Penser aux mesures de sauvegarde
Les inondations ne causent pas seulement des pertes en vies humaines, elles engendrent également des risques sanitaires majeurs. Les conditions propices aux maladies hydriques, telles que le choléra et la typhoïde, augmentent considérablement après des inondations. Le Ministère de la Santé doit impérativement mettre en œuvre des mesures préventives pour protéger la population. Cela inclut la mise en place de campagnes de sensibilisation sur l’hygiène, la distribution de traitements d’eau potable, et le déploiement d’équipes de santé pour surveiller et répondre aux épidémies potentielles.
En outre, la sécurité routière pendant la saison des pluies doit être une priorité. Les autorités doivent rétablir des systèmes de contrôle, comme les barrières de pluie, pour interdire l’accès aux routes à risque. L’accident tragique survenu à Garin Ali aurait pu être évité si des mesures de précaution adéquates avaient été mises en place pour interdire aux transporteurs d’emprunter des pistes dangereuses durant cette période critique. Cela souligne l’importance d’une coordination efficace entre les services météorologiques, hydrologiques et les agences de transport afin d’assurer la sécurité des passagers.

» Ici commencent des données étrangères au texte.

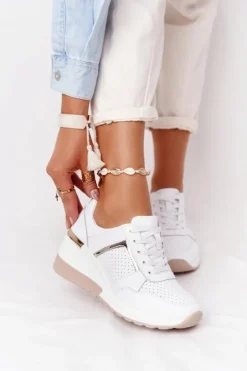 Damskie buty S.Barski Sneakersy Damskie*Skórzane Sneakersy Na Koturnie S.Barski Białe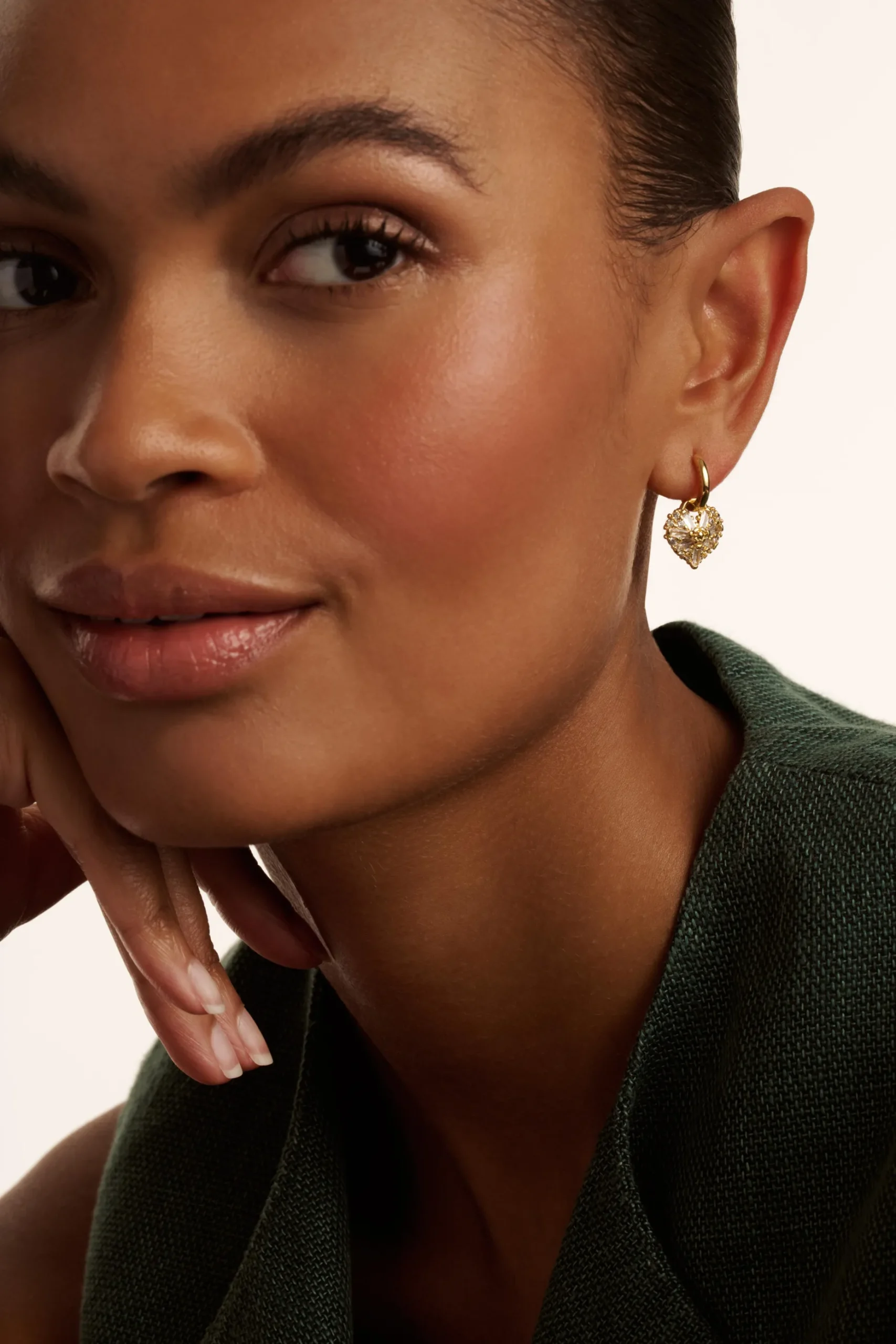 cherise__crystal_cluster__1.webp Cherise Crystal Cluster Heart Huggie Drop Earrings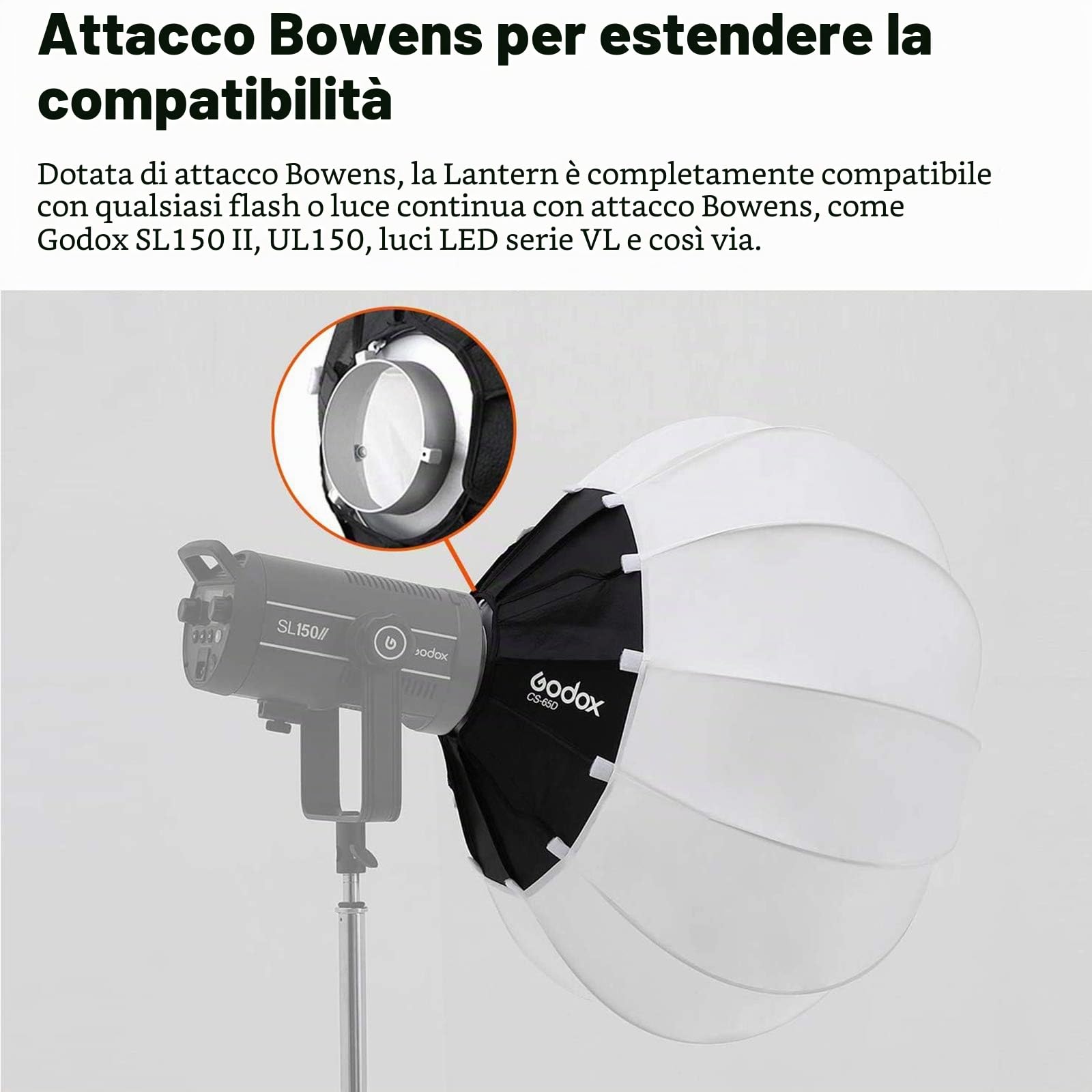 GODOX CS-65D Lantern Softbox 65 cm,Supporto Bowens | Rapidamente da Installare,Pieghevole,Box Soft Globe per Foto,Ritratto,Studio,Video,Illuminazione Continua,Fotografia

Il faut également s’interroger sur l’efficacité de la gestion des ressources en eau dans le pays. Le renforcement des digues et la maintenance des barrages sont des actions indispensables pour prévenir l’érosion des terres et la destruction des cultures. En outre, l’adoption de pratiques agricoles durables, comme la culture de plantes adaptées aux excès d’eau, est essentielle pour garantir la résilience des communautés face aux inondations récurrentes.
Le tragique bilan des inondations au Niger nous rappelle douloureusement que la prévention des catastrophes ne peut être une option, mais une nécessité. Nous ne pouvons pas ignorer les avertissements et les recommandations des experts. Comme le disait Victor Hugo : « La liberté commence où l’ignorance finit. » Dans le contexte actuel, cela pourrait se traduire par : « La sécurité commence là où la préparation et la sensibilisation prennent le pas sur l’inaction. » Il est grand temps que les autorités agissent avec la diligence requise pour protéger la vie et les biens de la population.